Landlords hit by mortgage price hikes

28 April 2008
Amateur landlords are being forced out of the market with the latest round of mortgage price hikes.

Many lenders have stopped offering buy-to-let loans or severely tightened their lending criteria for prospective landlords and many existing landlords, who are approaching the end of their mortgage terms.

The buy-to-let mortgage market is shrinking by the day because providers are becoming increasingly reluctant to lend in the current market. Figures from Hometrack show house prices fell for the seventh consecutive month in April, leading to an annual market fall of 0.9%.

Last week Abbey pulled its entire buy-to-let range, save for an expensive two-year fixed rate deal of 6.99%.

Britain’s biggest group of lenders, HBOS, which owns Halifax, Intelligent Finance, Bank of Scotland and Birmingham Midshires have recently hiked rates and arrangement fees across much of the product range.

Providers are increasingly averse to lending buy-to-let products because the target properties of many amateur landlords are new-build apartment blocks in cities such as Birmingham, Manchester and Liverpool where values are falling fast. 
Deposits are all-important
“Many providers are simply not lending against new builds now,” said Lynsey Sweales, director of buy-to-let mortgage broker, The Money Centre. 

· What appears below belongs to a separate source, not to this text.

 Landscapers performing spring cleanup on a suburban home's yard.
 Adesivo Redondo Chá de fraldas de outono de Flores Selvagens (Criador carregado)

With tightened lending criteria, a sizeable deposit is more important than ever for buy-to-let investors. “All borrowers need at least a 15%-20% deposit now,” adds Sweales.

It looks like the worse it yet to come and Sweales believes we’ll see more buy-to-let deals pulled from the market or become more expensive. “It’s likely to get worse before it gets better because there’s a huge lack of confidence in the market, but there is opportunity for savvy investors.”

The key for potential investors is to research the local housing market thoroughly to avoid purchasing the wrong type of property. “People have been too tempted by the discounts offered on new builds, but this isn’t the way to go,” explains Sweales. “Make friends with a letting agent and ask what type of property is in demand at the moment. I would go for something like a town or city centre terrace, where there is still likely to be room to negotiate on price.”

There is still a range of buy-to-let deals available but it is advised to speak to an independent mortgage broker to find the best value mortgage deals and prior notice of which products may soon be pulled from the market. 

Aside from a deposit, Sweales says it is crucial to build up a reserve cash fund to cover repairs, maintenance and void periods. 

“Ultimately, it’s important to remember that property is a long term investment, which you should be looking to hold on to for around 10-15 years,” says Sweales. “The short-term profits we saw before the credit crunch have come to an end but there is still potential.”